Adaptação do original publicado na revista LER de Fevereiro
Os chineses denominam a China de Zhongguo, traduzido no passado como Império do Meio e hoje como País do Centro. A designação reflecte uma visão sinocêntrica do mundo, concebendo-se inicialmente Zhongguo como a quase totalidade da terra conhecida, cercada apenas por alguns potentados tributários que se submetiam ao poder do imperador. Do lado de fora, a distância geográfica, a efabulação presente nos escassos relatos e as imagens de exotismo colocavam os chineses num mundo à parte, admirado ou temido mas sempre estranho e insulado. Dentro e fora da Grande Muralha e das linhas de fronteira, fixava-se um desconhecimento mútuo, que já só no século XX, com a expulsão do último imperador da Cidade Proibida, o estrépito planetário da Revolução Cultural, ou, mais recentemente, a abertura económica ao mundo, pôde ser abalado. Mas como diz Harry G. Gelber neste O Dragão e os Diabos Estrangeiros, o fluxo e o refluxo do interesse dos outros Estados e das outras sociedades pela China tem sido relativamente ignorado.

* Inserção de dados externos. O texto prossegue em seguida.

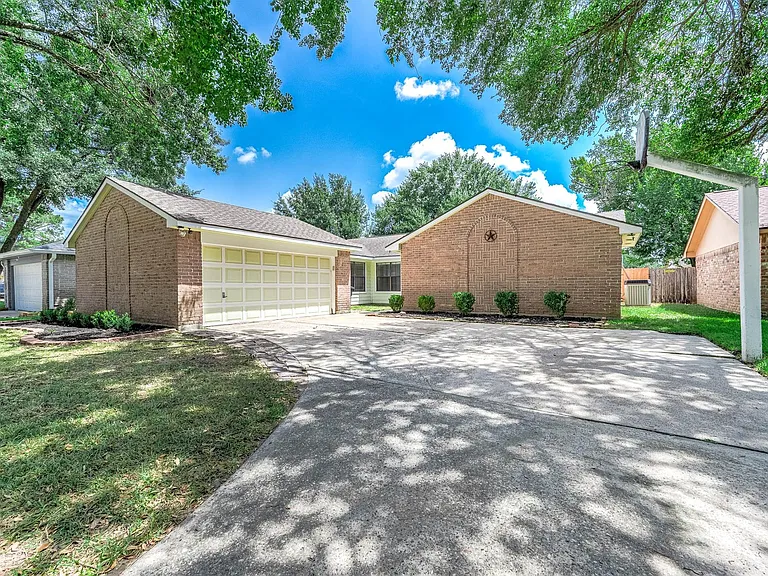 11210 Daybreak Ln — Photo 1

O que esta obra se propõe desenvolver não é, pois, uma mera história da China a partir do seu desenvolvimento interno, mas sim uma narrativa das ligações entre os chineses e o resto do mundo apoiada em três vertentes, conferindo-se especial ênfase ao modo como esse relacionamento determinou, e continua a determinar, a vida interna do imenso Estado e, ao mesmo tempo, o desenvolvimento do seu lugar no mundo. A primeira vertente aborda as relações físicas propriamente ditas, o contacto, frequentes vezes violento, dos chineses com outros povos: desde as primeiras incursões dos cavaleiros das estepes até às conquistas mongóis do século XIII, continuando depois com a chegada dos primeiros europeus, e prosseguindo até fechar com as reacções estrangeiras aos acontecimentos da Praça Tienanmen, em 1989. A segunda procura explicar o que movia as diversas potências no processo de aproximação ou de intervenção no território ou na política interna da China. A terceira identifica e documenta três problemas que se têm mantido recorrentes durante um tão longo período, determinando regularmente a vida interna chinesa e o relacionamento com o exterior: o enorme crescimento populacional, o carácter centralista e personalizado da administração central, e a volatilidade das fronteiras.
Como seria de esperar numa obra desta natureza escrita no início do século XXI, acompanhando a preocupação com este tipo de relacionamento encontra-se sempre o lugar de destaque que a China ocupa hoje no mundo. No capítulo final, «A Caminho do Futuro?», considera-se o seu papel de relevo no domínio da ciência e da tecnologia, bem como o modo como interfere nas actuais tendências da economia mundial, evidenciando um crescente peso na balança do poder global e criando as melhores condições para um retorno daquele medo que fora das suas fronteiras sempre despertou.
Harry G. Gelber, O Dragão e os Diabos Estrangeiros. A China e o Mundo, de 1100 a.C. até à actualidade. Tradução de Pedro Garcia Rosado. Guerra e Paz, 568 págs.